Je dirais qu’il est essentiel de toujours garder une bonne dose de passion et d’inspiration. Ce que j’ai fait, en grandissant dans le monde du volley, c’est m’inspirer des plus grands. Aujourd’hui, en France, je vois de nombreux joueurs très inspirants. Je ne parle pas de moi, mais de mes coéquipiers, qui comptent parmi les meilleurs à leur poste.
Je pense que cela s’applique à tous les sports. Il est important de regarder, d’apprendre, de s’inspirer. En France, nous avons la chance d’avoir des structures bien développées. Cette richesse permet à chacun de pratiquer et de s’épanouir dans le sport qu’il aime. Le conseil ultime que je donnerais, c’est de toujours pratiquer un sport par passion et par plaisir. Devenir sportif professionnel, c’est un rêve que beaucoup nourrissent, mais peu réalisent. Et même pour ceux qui y parviennent, ce n’est pas forcément la vie idéale qu’on imagine. C’est une vie qui exige de nombreux sacrifices.
Je suis conscient d’être chanceux d’avoir vécu cette expérience, mais elle comporte aussi ses défis. Que l’on pratique un sport pour en faire un métier ou simplement pour le plaisir, l’important est de toujours préserver cette joie. Si on n’éprouve plus de plaisir, il faut se poser les bonnes questions et réfléchir à ce que l’on souhaite faire vraiment.

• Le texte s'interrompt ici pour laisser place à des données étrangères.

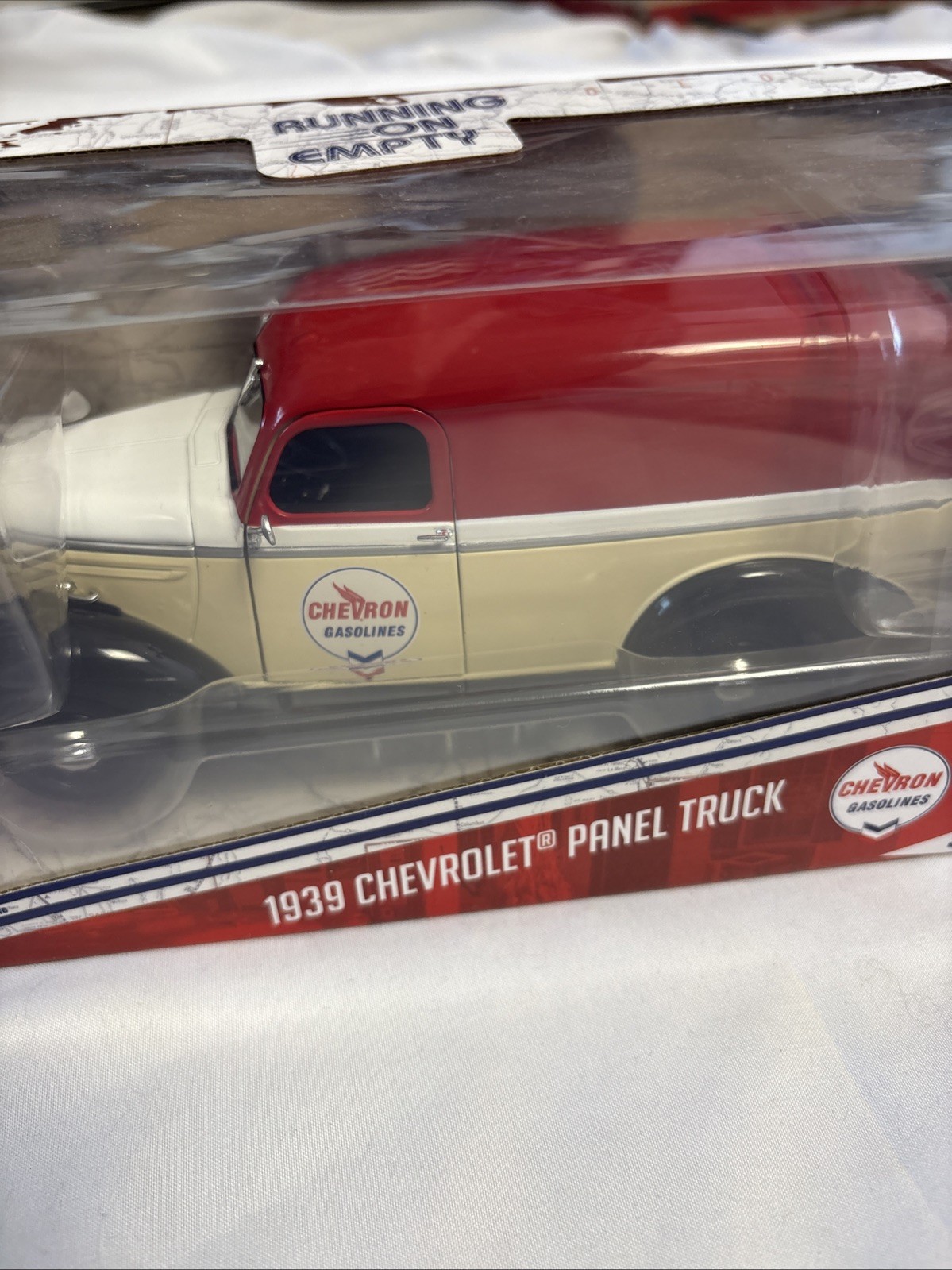 1939 CHEVROLET PANEL TRUCK “CHEVRON GASOLINES” 1/24 DIECAST BY GREENLIGHT 85081
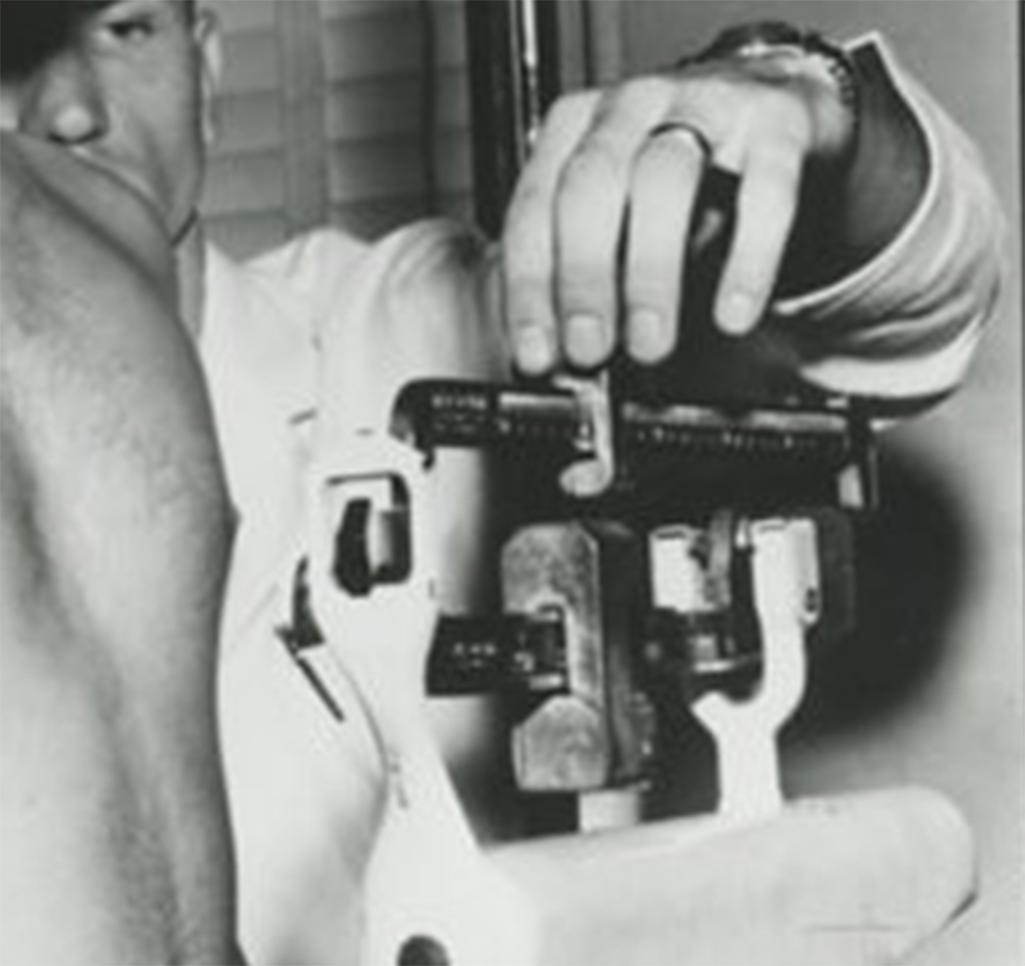Elvis Presleys berühmtes Einzugsfoto in die Armee 1959 (Moderne), Photograph, von Unknown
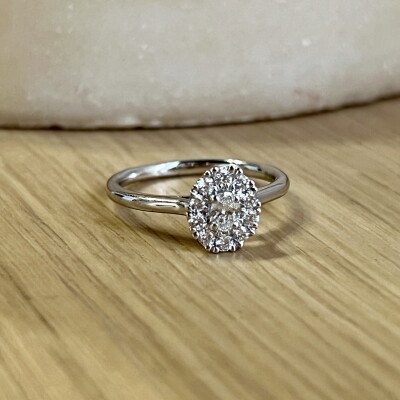 Bague en or blanc, diamant de taille ovale 0,15 carat et diamants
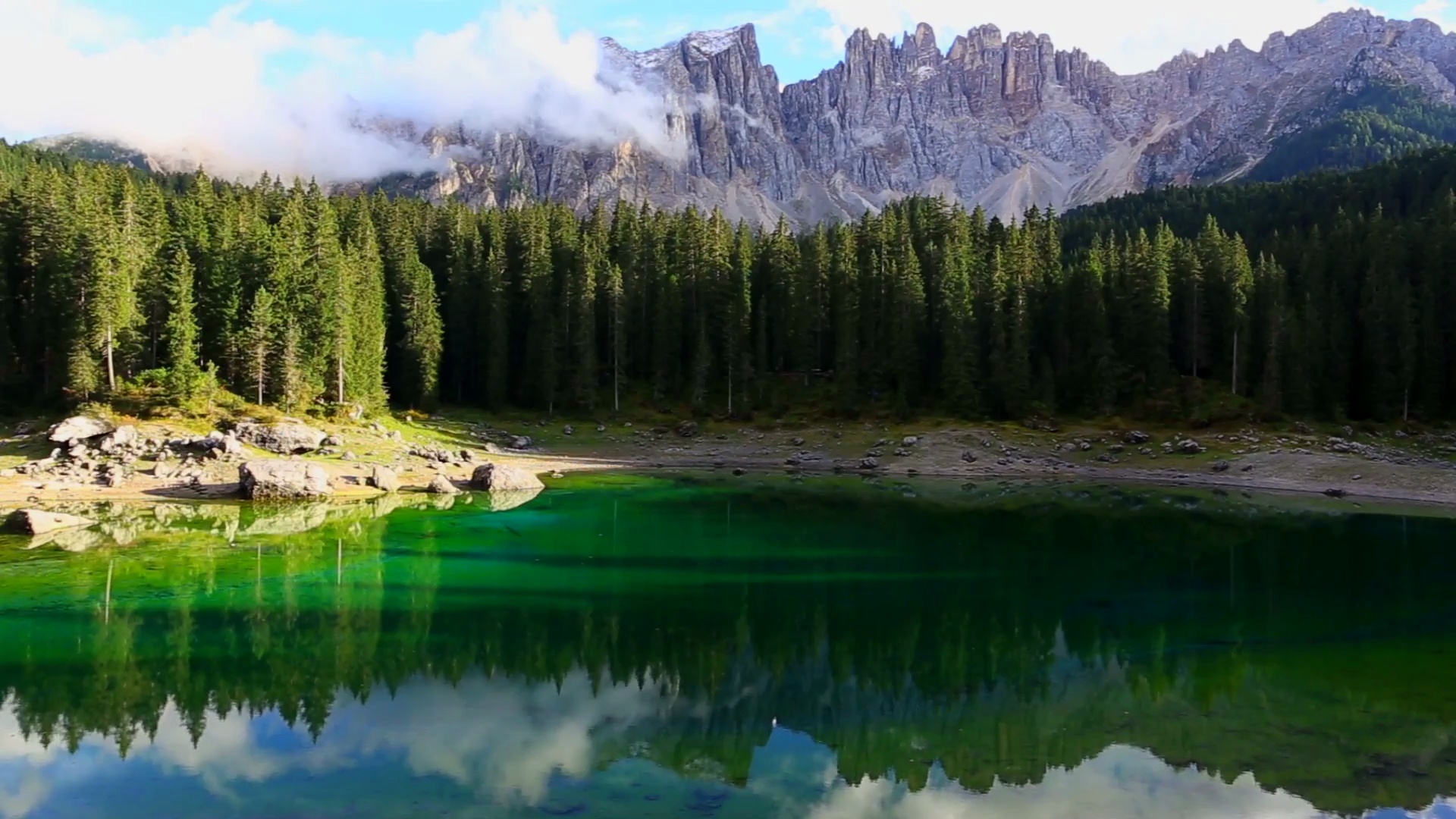 意大利Carezza白云岩Lago di Carezza景观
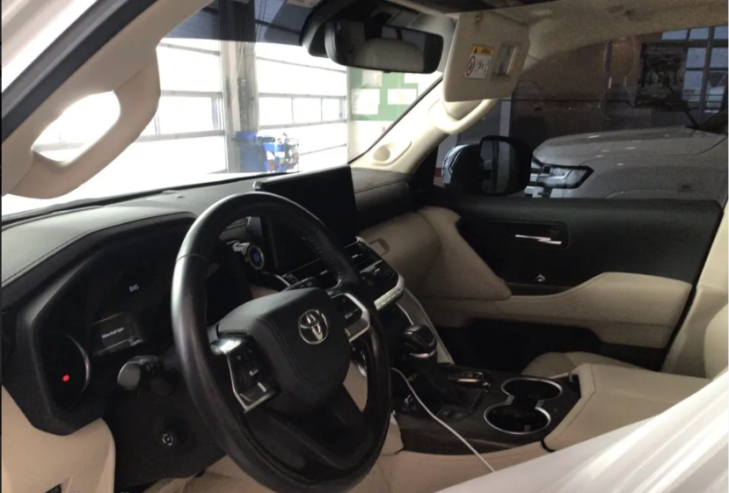 Toyota Land Cruiser 2022 Station VXR TOP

« Zidane m’a marqué par son calme »
Y a-t-il un ou plusieurs sportifs qui vous inspirent ?
J’ai plusieurs sources d’inspiration. Je ne pourrais pas citer un nom en particulier, car chacun m’a apporté quelque chose de différent. Par exemple, un joueur pouvait m’inspirer par son caractère et le charisme qu’il dégageait, un autre par son style, un autre encore par sa manière de jouer ou de faire une passe.
Ce n’est pas limité au volley. Dans le football, Zidane m’a marqué par son calme, Federer pour son élégance et sa sérénité, et Nadal pour sa hargne et sa détermination. Ce n’est pas qu’un seul joueur qui m’inspire, mais plutôt un mélange : je prends des éléments de chacun, que ce soit leur attitude, leur technique ou leur personnalité.
C’est comme ça que je l’ai toujours perçu, notamment dans le volley. Je préfère m’enrichir des forces de plusieurs modèles plutôt que de me concentrer sur un seul.
Comment aimeriez-vous qu’on se souvienne de Yacine Louati, tant en tant que joueur de volley qu’en tant qu’homme, après votre carrière ?
Pour moi, il est essentiel de me montrer aussi humain et généreux que possible. Comme je le disais, être sportif de haut niveau demande de nombreux sacrifices, mais cela m’a aussi offert des opportunités incroyables. Je me considère vraiment chanceux dans la vie. Grâce au volley, j’ai vécu des expériences extraordinaires.
J’essaie de redonner un peu de cette chance autour de moi. J’espère que les gens me perçoivent comme une personne généreuse et attentionnée, car c’est ce que je m’efforce d’être. Que ce soit au sein de mon équipe, avec les supporters, ou avec les personnes qui travaillent dans les clubs et les associations, j’essaie toujours de faire le bien et de créer un impact positif. C’est une valeur qui m’est très chère et qui me tient vraiment à cœur.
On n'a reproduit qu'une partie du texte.